Closed HubLot closed 7 years ago

HubLot commented 7 years ago

Hi,

We missed an important bug when writing your visualization library. As you know, sometimes the first residue of a PDB is not 1. We did take that in account in the PBcount and write_count_matrix() by adding a number of the first residue as an optional parameter (1 by default). It works great and the count matrix can start with a different number (see this test file for example https://github.com/pierrepo/PBxplore/blob/master/pbxplore/tests/test_data/count_multi1_first20.PB.count).

Unfortunately, we didn't take it in account properly for the visualizations tools (PBstat and the plot functions) :

$ PBstat -f pbxplore/tests/test_data/count_multi1_first20.PB.count -o test --map
Index of first residue is: 20
Traceback (most recent call last):
  File "pbxplore/bin/PBstat", line 9, in <module>
    load_entry_point('pbxplore', 'console_scripts', 'PBstat')()
  File "pbxplore/scripts/PBstat.py", line 173, in pbstat_cli
    pbx.analysis.plot_map(file_fig_name, count, residue_min, residue_max)
  File "pbxplore/analysis/visualization.py", line 103, in plot_map
    freq = utils._slice_matrix(freq_mat, residue_min, residue_max)
  File "/pbxplore/analysis/utils.py", line 57, in _slice_matrix
    raise IndexError("Index out of range")
IndexError: Index out of range

The issue lies in the _slice_matrix() function (in utils.py) were we mixed the index of the first residue from the count matrix (in PBcount) and the range of residue optionally provided in Pbstat :

The numpy matrix (mat) doesn't know about the index of the first residue (and nor it should). It always start at 0. When the first residue (in the count matrix) has an index of 1, it works well. We create a range based on it and slice the matrix according to residue-min/residue-max of PBstat (or the optional arguments in the plot functions). However, when it's different of 1 (say 252), we base our slicing on this index. If, for example the PDB is ten-residue long, we try to slice it like that : mat[252-1:262].

It should fails when the user wants a range of residues (252-262) from PBstat on a ten-residue PDB indexed from 1 but not when the ten-residue PBD is indexed from 252.
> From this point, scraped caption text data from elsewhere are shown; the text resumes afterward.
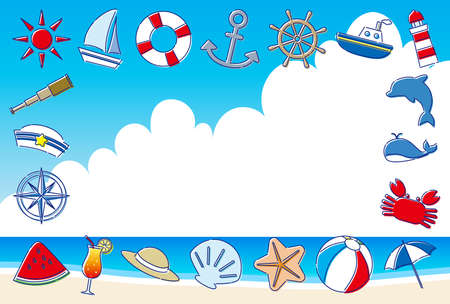 Summer beach illustrationのイラスト素材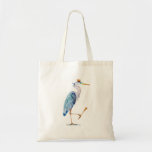 Royal Blue Heron Tote Bag<br><div class="desc">Handsome Blue Heron bird with gold crown and scepter</div>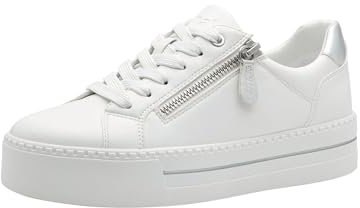 Jana Damen Plateau Sneaker mit Reißverschluss Vegan, Silber (White/Silver), 36 EU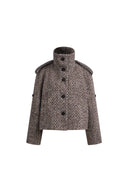 Willow Herringbone Cropped Coat in Wool Tweed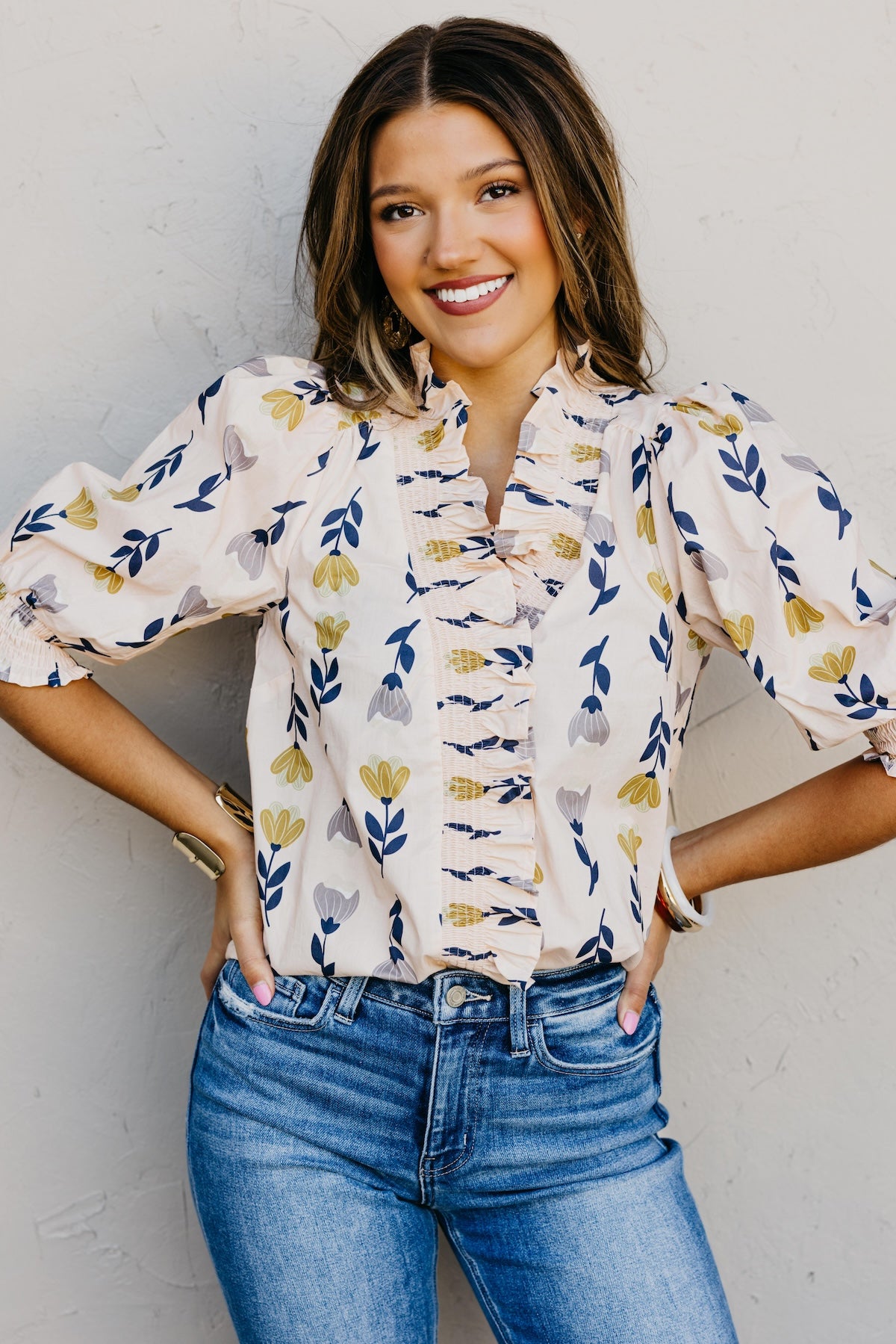 The Zarah Floral Ruffle Woven Top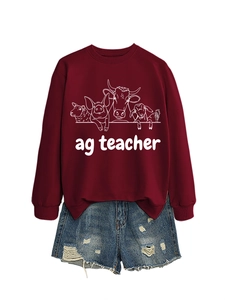 Burgundy sweatshirt with ag teacher farm animals print and denim shorts combo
In the traceback I included, the count matrix starts at residue 20 (as stated in the output) and has 89 residues. We want plots for the whole thing. So, in _slice_matrix(), our range of residue indexes (residues_idx) goes from 1 to 89 (which is good, we want the whole matrix) but the next test is failing because residue_max (i.e 128) is not in this range. It's here we mixed the 2 indexes

HubLot commented 7 years ago

I will work on that and also include a test (which we also forget :smile: )
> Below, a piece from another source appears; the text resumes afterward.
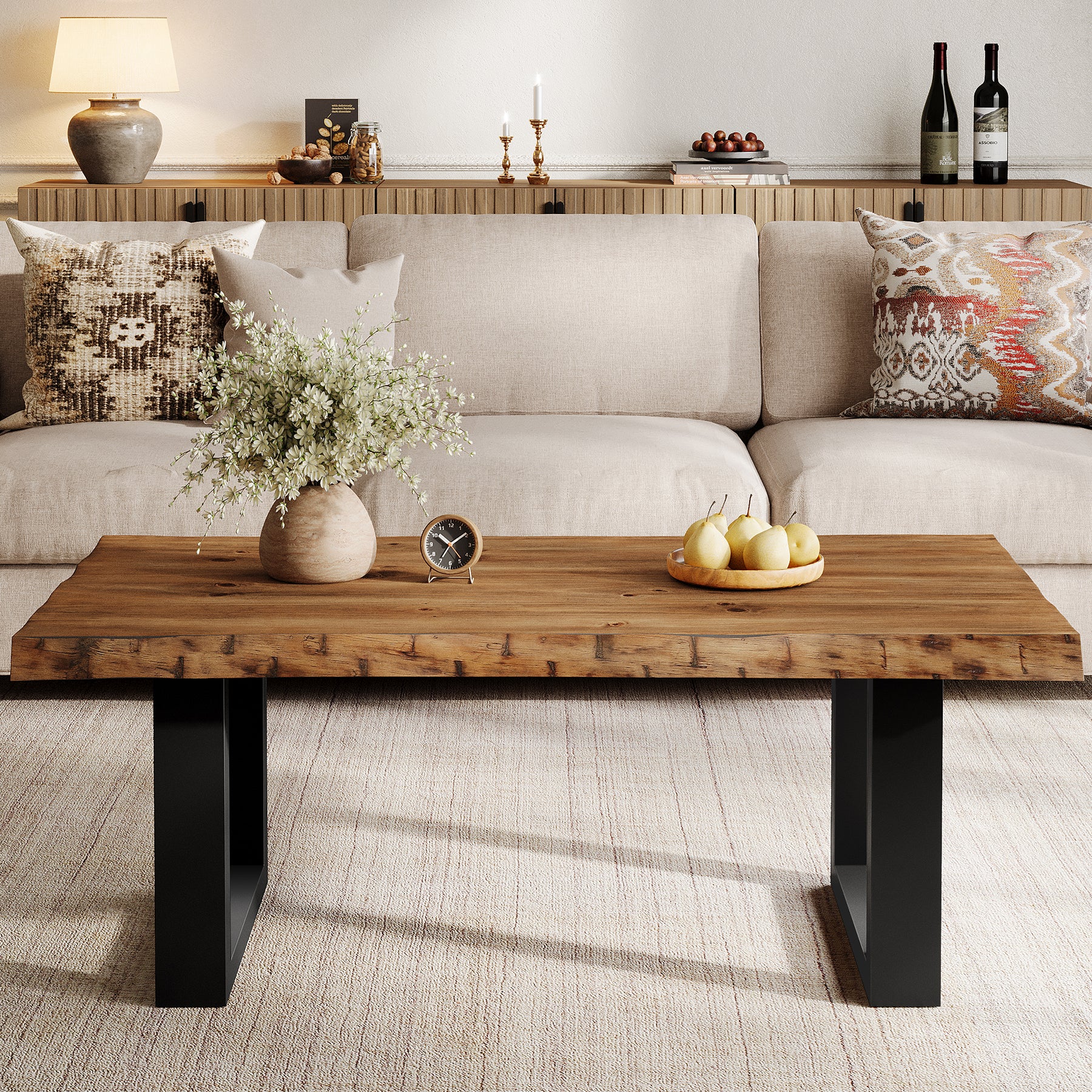 47" Solid Wood Coffee Table, Industrial Modern Center Table with Metal Base for Living Room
HubLot commented 7 years ago

We cannot solve this with only residue_min and residue_max arguments in the plotting functions. If residue_min == 20, we don't know if the index of first residue (in the count matrix) is 1 or 15 hence, it will affect the output images (either we squeeze 20 residues or 5 respectively).
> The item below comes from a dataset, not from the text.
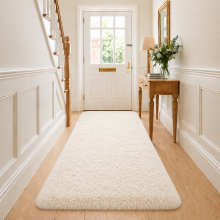 (80x150cm-Runner Rug, Cream/White) Shaggy Rug-Non Slip Faux Fur Extra Large Area Rugs for Livingroom Bedroom Carpet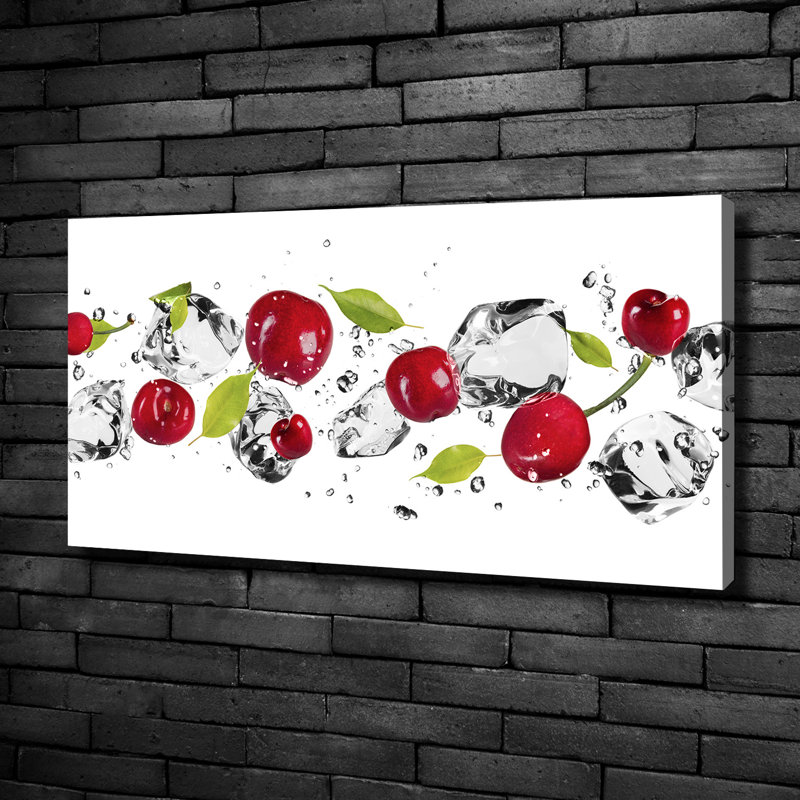 Cherries And Water - Wrapped Canvas Print, 50cm H x 100cm W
After some thoughts, the easiest way I found to solve this is to add a optional variable called offset (set to 1 by default) in each plotting functions (plot_map, plot_neq/write_neq and generate_weblogo). It will represent the index of the first residue in the count matrix. From it, we can deduce the range of residues the user wants (in conjunction with residue_min/residue_max) and create the plot images accordingly.